## Task brief
The lines to copy run from the one containing "thumbnail image 2" to the end of the listing. Please write them out exactly, minus the pictures.

## Data excerpt
──────────────────────────────

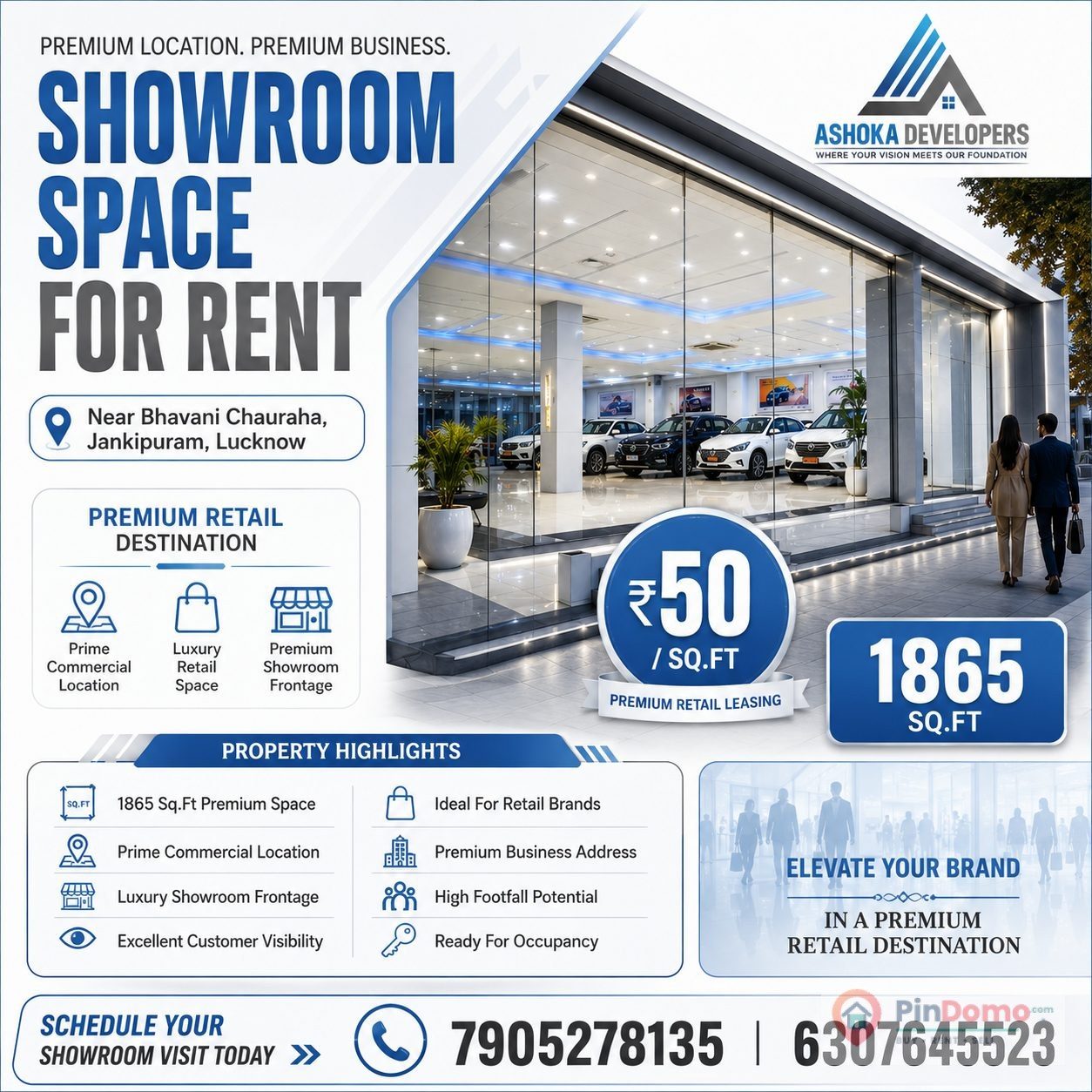 Showroom Space In Lucknow Available At ?50 Per Sq.ft | 1865 Sq.ft Property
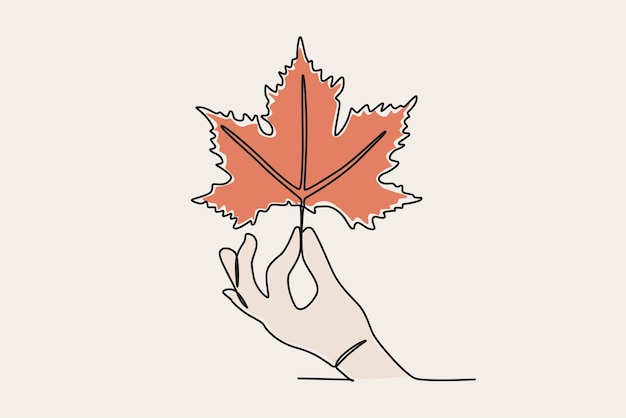 Colored illustration of a hand holding autumn leaves Autumn oneline drawing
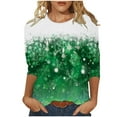 thumbnail image 2 of Women's Tops 3/4 Sleeve Clearance,Christmas 3/4 Sleeve Tops for Womens Snowman Snowflake T Shirts Crew Neck Blouse Xmas Holiday Comfy Pullover Tees, 2 of 5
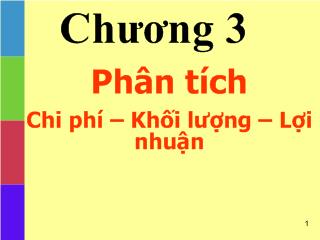 Bài giảng Kế toán quản trị: Phân tích Chi phí – Khối lượng – Lợi nhuận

──────────────────────────────

## Output of the task
 thumbnail image 2 of Women's Tops 3/4 Sleeve Clearance,Christmas 3/4 Sleeve Tops for Womens Snowman Snowflake T Shirts Crew Neck Blouse Xmas Holiday Comfy Pullover Tees, 2 of 5
 Bài giảng Kế toán quản trị: Phân tích Chi phí – Khối lượng – Lợi nhuận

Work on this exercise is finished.